> **DATA EXCERPTS**
::::::

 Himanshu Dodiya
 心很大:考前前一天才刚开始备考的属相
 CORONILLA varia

::::::

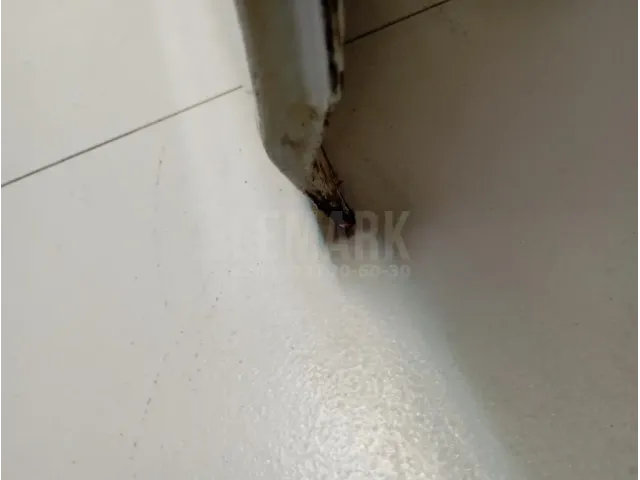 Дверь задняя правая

::::::

> **PROBLEM**
Once the line with "Himanshu Dodiya" is found in the records above, print exactly that line and every line after it through the line with "CORONILLA varia".

> **RESPONSE TO THIS EXERCISE**
 Himanshu Dodiya
 心很大:考前前一天才刚开始备考的属相
 CORONILLA varia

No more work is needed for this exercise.